## PROBLEM STATEMENT
In the data below, one line contains "reviews and photos" and a later one contains "Men's shoes 💰360🌹🌹". Print both, with every line between them, exactly and alone.

- Opening Delimiter -

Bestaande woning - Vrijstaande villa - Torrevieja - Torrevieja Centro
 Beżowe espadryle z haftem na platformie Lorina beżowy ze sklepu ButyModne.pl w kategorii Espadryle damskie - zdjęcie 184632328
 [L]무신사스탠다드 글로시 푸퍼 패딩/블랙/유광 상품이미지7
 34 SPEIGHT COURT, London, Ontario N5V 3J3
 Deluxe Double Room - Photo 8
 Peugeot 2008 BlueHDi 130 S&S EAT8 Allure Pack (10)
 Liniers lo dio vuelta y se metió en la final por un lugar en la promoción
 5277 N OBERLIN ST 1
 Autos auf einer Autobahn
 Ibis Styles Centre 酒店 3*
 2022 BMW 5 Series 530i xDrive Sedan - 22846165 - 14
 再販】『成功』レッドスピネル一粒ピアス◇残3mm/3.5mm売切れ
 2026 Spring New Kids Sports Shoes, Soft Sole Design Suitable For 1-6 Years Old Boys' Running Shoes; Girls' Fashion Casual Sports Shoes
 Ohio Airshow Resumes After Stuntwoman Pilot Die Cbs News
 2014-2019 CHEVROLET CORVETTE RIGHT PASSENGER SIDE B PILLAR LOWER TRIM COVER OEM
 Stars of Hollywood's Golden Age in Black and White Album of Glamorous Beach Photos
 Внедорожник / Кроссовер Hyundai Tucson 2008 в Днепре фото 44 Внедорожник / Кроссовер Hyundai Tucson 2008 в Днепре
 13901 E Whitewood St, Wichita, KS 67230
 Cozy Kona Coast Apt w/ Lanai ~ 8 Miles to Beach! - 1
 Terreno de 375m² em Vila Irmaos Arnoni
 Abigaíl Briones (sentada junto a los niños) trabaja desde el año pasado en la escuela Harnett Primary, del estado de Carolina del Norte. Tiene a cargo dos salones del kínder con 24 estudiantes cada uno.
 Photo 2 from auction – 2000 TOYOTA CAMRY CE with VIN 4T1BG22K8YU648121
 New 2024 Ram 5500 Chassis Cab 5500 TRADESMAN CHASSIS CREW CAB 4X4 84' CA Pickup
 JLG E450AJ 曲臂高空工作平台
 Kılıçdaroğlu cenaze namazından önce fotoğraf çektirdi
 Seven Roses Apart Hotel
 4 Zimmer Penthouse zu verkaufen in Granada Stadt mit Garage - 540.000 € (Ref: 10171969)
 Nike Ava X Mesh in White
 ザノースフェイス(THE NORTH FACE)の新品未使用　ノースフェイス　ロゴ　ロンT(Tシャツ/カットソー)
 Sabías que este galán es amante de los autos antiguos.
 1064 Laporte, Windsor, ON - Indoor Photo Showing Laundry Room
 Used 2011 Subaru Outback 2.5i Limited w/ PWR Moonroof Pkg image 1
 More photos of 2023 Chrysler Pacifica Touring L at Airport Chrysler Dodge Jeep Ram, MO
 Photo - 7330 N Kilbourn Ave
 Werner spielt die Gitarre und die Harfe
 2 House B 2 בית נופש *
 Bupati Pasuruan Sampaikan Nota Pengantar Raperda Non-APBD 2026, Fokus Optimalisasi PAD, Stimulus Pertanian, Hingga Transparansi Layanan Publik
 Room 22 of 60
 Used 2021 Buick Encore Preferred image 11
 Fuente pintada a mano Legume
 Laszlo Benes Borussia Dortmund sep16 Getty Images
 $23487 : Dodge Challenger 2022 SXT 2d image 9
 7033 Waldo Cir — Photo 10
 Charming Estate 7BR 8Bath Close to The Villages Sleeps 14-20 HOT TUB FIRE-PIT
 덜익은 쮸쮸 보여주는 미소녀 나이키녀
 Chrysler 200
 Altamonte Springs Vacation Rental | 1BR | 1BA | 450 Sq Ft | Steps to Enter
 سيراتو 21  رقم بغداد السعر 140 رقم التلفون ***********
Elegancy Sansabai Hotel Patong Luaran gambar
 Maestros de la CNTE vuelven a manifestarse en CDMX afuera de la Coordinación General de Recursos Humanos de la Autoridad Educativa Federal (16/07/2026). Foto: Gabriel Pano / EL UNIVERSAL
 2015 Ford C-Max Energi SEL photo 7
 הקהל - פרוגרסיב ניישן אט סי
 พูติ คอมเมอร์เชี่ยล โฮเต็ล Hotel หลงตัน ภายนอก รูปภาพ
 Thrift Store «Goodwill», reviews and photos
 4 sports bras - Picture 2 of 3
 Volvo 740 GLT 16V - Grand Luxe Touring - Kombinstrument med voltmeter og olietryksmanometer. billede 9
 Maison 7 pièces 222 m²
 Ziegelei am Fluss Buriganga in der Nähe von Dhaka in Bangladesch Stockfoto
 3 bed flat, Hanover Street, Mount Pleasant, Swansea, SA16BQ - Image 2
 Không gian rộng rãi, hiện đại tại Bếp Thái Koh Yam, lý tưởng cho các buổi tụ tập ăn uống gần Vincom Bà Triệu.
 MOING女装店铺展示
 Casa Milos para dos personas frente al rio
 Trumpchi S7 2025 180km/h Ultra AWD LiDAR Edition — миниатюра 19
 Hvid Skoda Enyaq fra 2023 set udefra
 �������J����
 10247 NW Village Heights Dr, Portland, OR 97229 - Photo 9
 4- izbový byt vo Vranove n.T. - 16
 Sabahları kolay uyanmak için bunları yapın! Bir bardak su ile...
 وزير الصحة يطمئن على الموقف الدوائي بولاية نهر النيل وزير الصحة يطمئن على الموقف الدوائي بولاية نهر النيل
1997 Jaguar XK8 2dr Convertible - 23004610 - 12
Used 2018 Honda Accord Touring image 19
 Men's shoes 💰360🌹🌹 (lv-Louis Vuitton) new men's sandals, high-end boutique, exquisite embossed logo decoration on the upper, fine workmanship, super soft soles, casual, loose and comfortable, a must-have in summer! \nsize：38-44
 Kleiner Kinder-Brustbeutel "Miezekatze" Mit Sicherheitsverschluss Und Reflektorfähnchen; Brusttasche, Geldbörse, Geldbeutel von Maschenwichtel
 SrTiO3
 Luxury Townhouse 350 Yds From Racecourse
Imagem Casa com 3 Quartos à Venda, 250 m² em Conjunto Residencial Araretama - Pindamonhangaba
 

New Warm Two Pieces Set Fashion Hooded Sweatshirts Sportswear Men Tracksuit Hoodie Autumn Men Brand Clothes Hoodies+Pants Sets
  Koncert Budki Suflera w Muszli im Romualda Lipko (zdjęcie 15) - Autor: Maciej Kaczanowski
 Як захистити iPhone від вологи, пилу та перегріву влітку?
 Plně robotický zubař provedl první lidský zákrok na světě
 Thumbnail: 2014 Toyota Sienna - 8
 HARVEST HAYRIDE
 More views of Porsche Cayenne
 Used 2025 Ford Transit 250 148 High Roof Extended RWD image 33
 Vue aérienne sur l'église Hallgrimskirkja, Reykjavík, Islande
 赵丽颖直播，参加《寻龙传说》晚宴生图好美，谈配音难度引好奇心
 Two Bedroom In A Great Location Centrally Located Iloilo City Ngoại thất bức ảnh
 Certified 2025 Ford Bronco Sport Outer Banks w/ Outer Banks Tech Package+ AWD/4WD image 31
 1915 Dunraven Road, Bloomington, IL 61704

- Closing Delimiter -

## REPLY
 Thrift Store «Goodwill», reviews and photos
 4 sports bras - Picture 2 of 3
 Volvo 740 GLT 16V - Grand Luxe Touring - Kombinstrument med voltmeter og olietryksmanometer. billede 9
 Maison 7 pièces 222 m²
 Ziegelei am Fluss Buriganga in der Nähe von Dhaka in Bangladesch Stockfoto
 3 bed flat, Hanover Street, Mount Pleasant, Swansea, SA16BQ - Image 2
 Không gian rộng rãi, hiện đại tại Bếp Thái Koh Yam, lý tưởng cho các buổi tụ tập ăn uống gần Vincom Bà Triệu.
 MOING女装店铺展示
 Casa Milos para dos personas frente al rio
 Trumpchi S7 2025 180km/h Ultra AWD LiDAR Edition — миниатюра 19
 Hvid Skoda Enyaq fra 2023 set udefra
 �������J����
 10247 NW Village Heights Dr, Portland, OR 97229 - Photo 9
 4- izbový byt vo Vranove n.T. - 16
 Sabahları kolay uyanmak için bunları yapın! Bir bardak su ile...
 وزير الصحة يطمئن على الموقف الدوائي بولاية نهر النيل وزير الصحة يطمئن على الموقف الدوائي بولاية نهر النيل
1997 Jaguar XK8 2dr Convertible - 23004610 - 12
Used 2018 Honda Accord Touring image 19
 Men's shoes 💰360🌹🌹 (lv-Louis Vuitton) new men's sandals, high-end boutique, exquisite embossed logo decoration on the upper, fine workmanship, super soft soles, casual, loose and comfortable, a must-have in summer! \nsize：38-44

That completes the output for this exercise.